O Iraque já tem um regime democrático e esta reivindicação não tem cabimento; o que falta é sua aplicação correta e justa. Sob este aspecto não há campo para mobilizações.O que ocorrerá, isto sim, são acertos entre as três antigas províncias otomanas: Mossul, Bagdá e Basrah, a respeito de inúmeros aspectos. Um deles é a união das desunidas etnias kurda e árabe, os acertos entre os burocratas (sunitas) de Bagdá que fortuna alguma têm e os ativos e ricos em petróleo de Basrah (xiitas).Haverá manifestações sim, mas as cartas estão marcadas: a sobrevivência de todos está na união. Os kurdos podem e têm condições de declarar independência, já estão com governo funcionando (conforme tive a oportunidade de constatar in loco), mas não lhes convém abrir uma frente contra a Turquia no momento atual e irão preferir se abrigar, temporariamente, no conforto do Iraque unido. Entre Bagdá e Basrah é igualmente complicado, mas têm interesse, de parte a parte, a continuarem unidos.No entanto, ao se manifestarem, os iraquianos reivindicarão o pão, o pão de cada dia.

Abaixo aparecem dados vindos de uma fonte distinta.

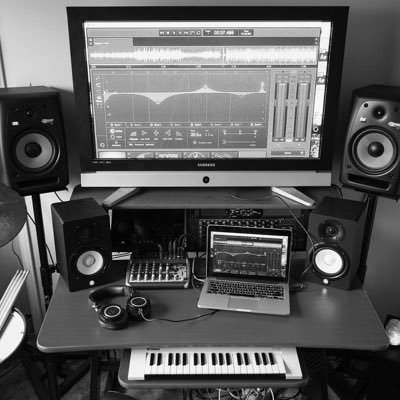 MLM offers professional quality mixing and mastering services that will take your music to the next level. Visit our website or DM to learn more.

Qual a atual situação da oposição? 
A oposição pensava existir uma democracia no Iraque. Ganhou as eleições, obteve a maioria das cadeiras no Parlamento, mas não conseguiu formar um governo. As múltiplas interferências externas, de vizinhos regionais, e principalmente de potências internacionais, tentando minar os resultados das eleições, ao cabo de meses de negociações frustrantes, teve que aceitar uma conciliação com o poder de plantão e largar de mão o seu direito constitucional e democrático de formar o governo e aceitar compartilhar do poder. É uma situação que promete ações futuras, pois o acordo nacional para formar o governo não tem bases sólidas, estão sustentadas tão somente pela presença dos Estados Unidos como força de ocupação.

Constantemente lemos nos jornais brasileiros notícias sobre acontecimentos violentos no Iraque.
Qual a real influência de grupos islâmicos como a Al Qaeda no país?
 
Os acontecimentos violentos no Iraque, segundo amigos com os quais falo sempre pelo telefone, são causados pela ocupação estrangeira. Eles afirmam sempre que os iraquianos saberão se reconciliar tão logo cesse a ocupação. Os estadunidenses, afirmam eles, estão feito baratas tontas, cada dia armam um grupo para no outro armar o adversário, treinam uma força militar local, sem suspeitar que estejam criando uma força que irá expulsar as forças estadunidenses e britânicas terceirizadas que ficarão disfarçados de conselheiros, guardiões dos sítios e projetos petrolíferos, e outras funções que garantiriam a ocupação oculta.